**Problem requirements:** Gather each line in the entries that includes the string "душа".

Caption-style text data

────────────────────

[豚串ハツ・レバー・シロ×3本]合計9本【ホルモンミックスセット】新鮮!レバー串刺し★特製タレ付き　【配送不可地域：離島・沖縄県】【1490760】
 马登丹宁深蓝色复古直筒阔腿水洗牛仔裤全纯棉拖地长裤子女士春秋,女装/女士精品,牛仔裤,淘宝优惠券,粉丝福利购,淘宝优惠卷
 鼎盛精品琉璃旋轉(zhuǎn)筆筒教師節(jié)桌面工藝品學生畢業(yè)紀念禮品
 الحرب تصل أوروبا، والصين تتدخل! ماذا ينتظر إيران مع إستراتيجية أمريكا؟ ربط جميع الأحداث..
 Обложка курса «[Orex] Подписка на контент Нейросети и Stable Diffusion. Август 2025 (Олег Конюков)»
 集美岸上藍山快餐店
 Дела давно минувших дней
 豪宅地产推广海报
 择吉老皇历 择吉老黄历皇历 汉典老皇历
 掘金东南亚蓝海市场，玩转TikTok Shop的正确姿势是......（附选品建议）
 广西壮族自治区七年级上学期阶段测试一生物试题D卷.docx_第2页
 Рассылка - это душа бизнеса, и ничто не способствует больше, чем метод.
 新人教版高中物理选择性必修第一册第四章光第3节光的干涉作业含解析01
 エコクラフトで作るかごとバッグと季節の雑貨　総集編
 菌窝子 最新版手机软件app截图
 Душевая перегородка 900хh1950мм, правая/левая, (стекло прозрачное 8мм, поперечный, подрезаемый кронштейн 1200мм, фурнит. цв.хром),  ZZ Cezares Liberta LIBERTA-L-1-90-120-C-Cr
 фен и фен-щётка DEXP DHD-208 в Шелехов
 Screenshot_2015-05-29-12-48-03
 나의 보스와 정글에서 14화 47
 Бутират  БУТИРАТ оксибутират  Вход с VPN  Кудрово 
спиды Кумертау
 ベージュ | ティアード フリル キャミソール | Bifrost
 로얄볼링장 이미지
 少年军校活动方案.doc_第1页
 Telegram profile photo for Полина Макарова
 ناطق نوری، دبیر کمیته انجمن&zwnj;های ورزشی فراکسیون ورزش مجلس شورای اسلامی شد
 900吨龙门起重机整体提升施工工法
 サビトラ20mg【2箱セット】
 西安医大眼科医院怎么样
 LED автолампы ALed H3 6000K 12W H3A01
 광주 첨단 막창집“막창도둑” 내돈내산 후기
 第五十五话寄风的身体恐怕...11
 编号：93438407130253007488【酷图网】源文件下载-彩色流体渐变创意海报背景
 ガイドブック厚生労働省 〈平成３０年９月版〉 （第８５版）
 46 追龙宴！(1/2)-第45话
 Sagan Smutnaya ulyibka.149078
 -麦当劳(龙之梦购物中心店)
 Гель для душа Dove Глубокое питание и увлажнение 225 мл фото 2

────────────────────

**Answer to the exercise:**
 Рассылка - это душа бизнеса, и ничто не способствует больше, чем метод.
 Гель для душа Dove Глубокое питание и увлажнение 225 мл фото 2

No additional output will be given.